Regierungschef fordert seine Partei zum Kämpfen auf - doch in Umfragen führen die Konservativen.

Brighton. Eine Partei, die wieder an sich glaubt - so versuchte der britische Premier Gordon Brown gestern in Brighton das Labour-Lager, seine Regierungsbasis, wieder aufzurichten. Wo angesichts miserabler Umfragewerte vor dem Parteitag allenthalben Depression geherrscht hatte, appellierte der Regierungschef an den Kampfgeist der Seinen und ermunterte sie, einen neuen Sieg bei der Unterhauswahl im nächsten Mai anzusteuern.

"Nur Kämpfer und Glaubende sind in der Lage, die Welt zu verändern", rief er unter stürmischem Beifall: "Wir haben es in der Vergangenheit bewiesen, wir werden es auch in der Zukunft wieder beweisen." Dem Appell folgte eine lange Liste von Erfolgen, die Brown der Labour-Regierung zuguteschrieb. Über die Banken des Landes sagte er, sie würden "der Gesellschaft zurückzahlen müssen, was sie ihr vor der gegenwärtigen Finanzkrise schuldig geblieben" seien.

Kämpfen, kämpfen, kämpfen - das war bereits der Tenor, den Lord Mandelson, der Business-Minister, zuvor angestimmt hatte. Der Minister, zweimal in der Blair-Ära von seinen Kabinettsposten zurückgetreten und immer wieder zurückgekehrt an die Macht, nahm sein Comeback als Beispiel, dass auch die Geschicke von Labour sich wieder wenden könnten. "Wenn ich es schaffte, können wir alle es schaffen", sagte er. Mandelson, lange von großen Teilen der Partei verachtet, gilt heute als die wichtigste strategische Stütze Browns.
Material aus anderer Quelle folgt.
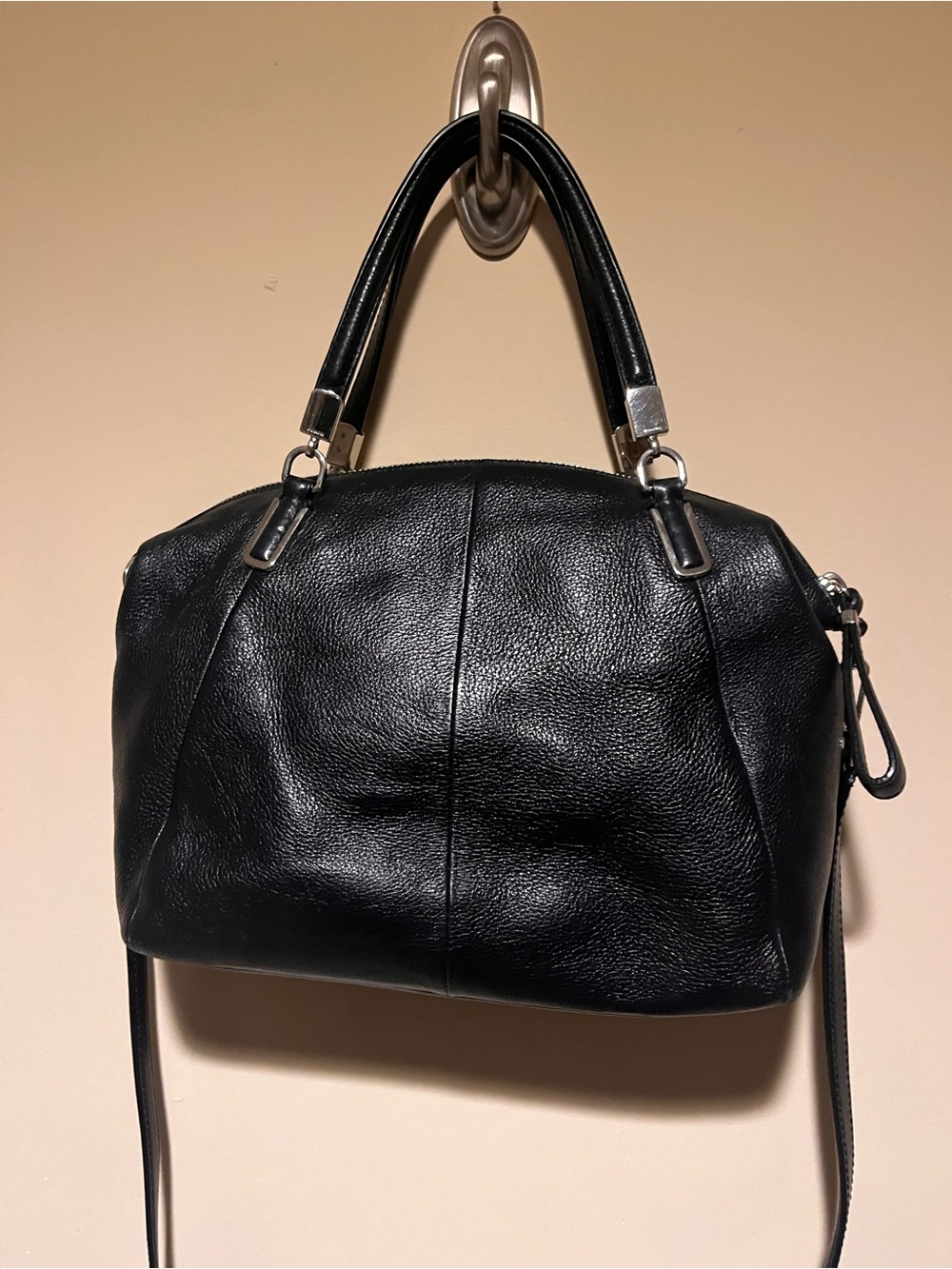 Coach Black Pebbled Leather Shoulder Bag with Silver Hardware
Vor Brown allerdings ergriff dessen Ehefrau Sarah als eine Art Cheerleader für den nachfolgenden Premier das Wort. Sie hat ihren Mann an Beliebtheit weit überflügelt und gilt inzwischen als Geheimwaffe von Labour, eine moderne Frau und großer Fan des Twitter-Netzwerkes, auf dem sie munter zwitschert von allen Orten der Welt, an denen sie sich jeweils aufhält. Sie hat inzwischen eine feste Gemeinde von über einer Dreiviertelmillion Anhängern, die regelmäßig ihre Twitter-Seite besuchen.
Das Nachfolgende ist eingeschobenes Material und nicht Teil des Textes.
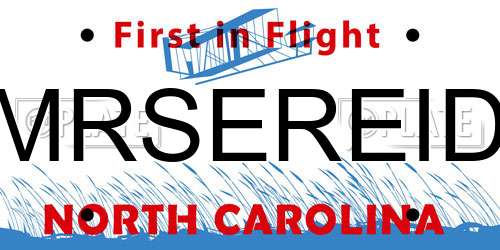 MRSEREID North Carolina License Plate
Brown legte in seiner Rede größten Wert darauf, bürgernah und fürsorglich zu erscheinen, um damit den Hauptvorwurf gegen ihn und die Labour-Partei zu entkräften: dass beide den Kontakt zum gemeinen Mann verloren hätten nach zwölf kontinuierlichen Jahren an der Macht. So kündigte er neue Programme zur Entlastung bei Kosten für Kinderbeaufsichtigung und zur beschleunigten Behandlung Krebskranker an.
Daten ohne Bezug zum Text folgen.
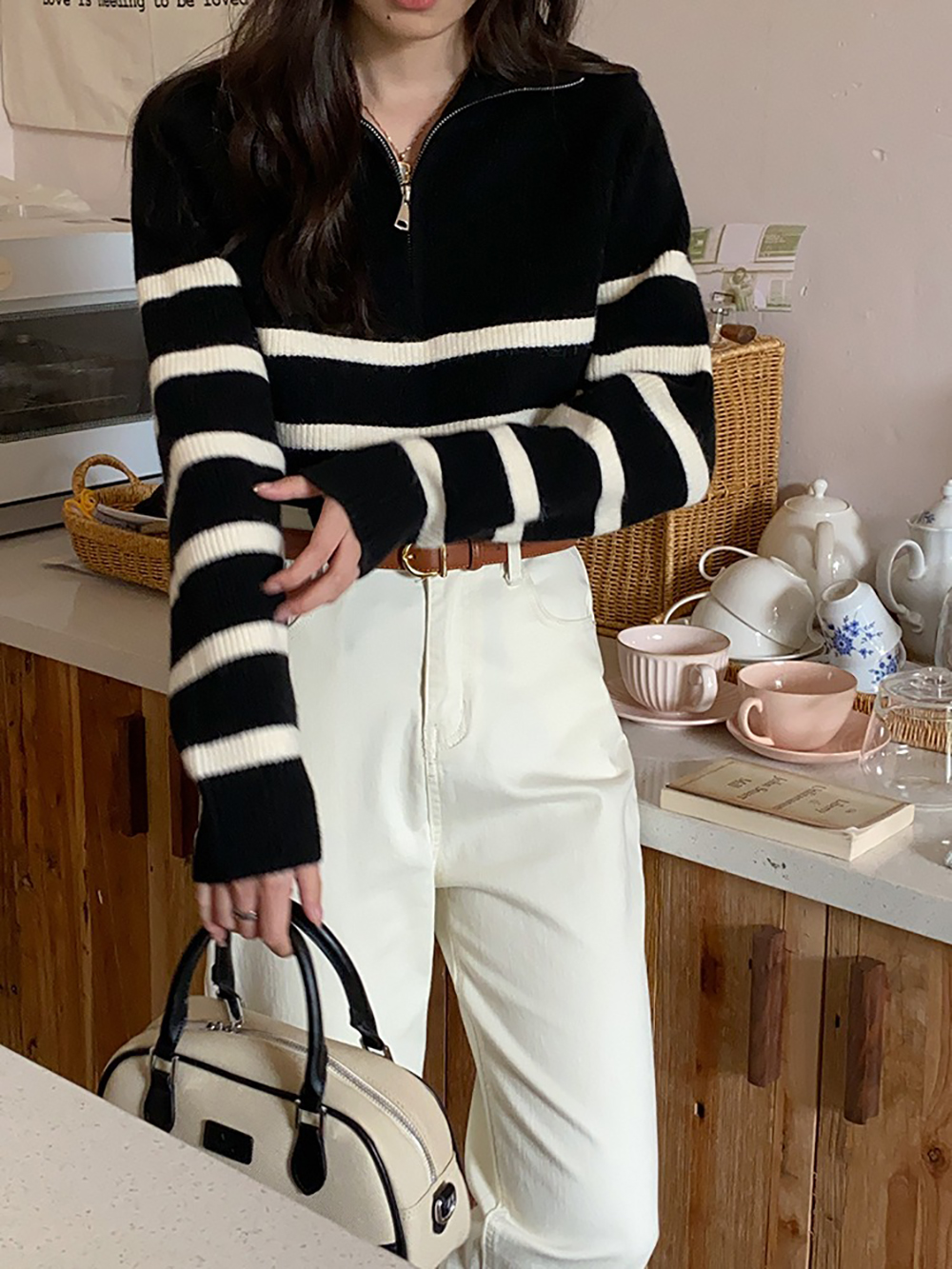 拉鍊翻領條紋針織上衣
Brown bestand darauf, dass sein Land vor einer existenziellen Wahl stünde: die wirtschaftlich bewährte Steuerung durch ihn und seine Regierung, oder die ideologielastigen Konservativen, unerfahren und "ohne Herz" für weniger begüterte Klassen als sie selber. Breiten Raum nahm daher auch seine Wirtschaftspolitik ein, wobei er den Tories nachsagte, sie hätten in der gegenwärtigen Krise krass versagt, weil sie nur auf die Spar-Karte gesetzt hätten, während staatliche finanzielle Stimulierung das Gesetz der Stunde war und ist. Doch Brown hat einen Berg zu besteigen: Die Konservativen stehen einer jüngsten Umfrage zufolge zwölf Punkte vor Labour, wobei Letztere von den Liberalen sogar auf den dritten Platz verwiesen wird. Kämpfen und kämpfen: Der Wahlkampf ist eröffnet.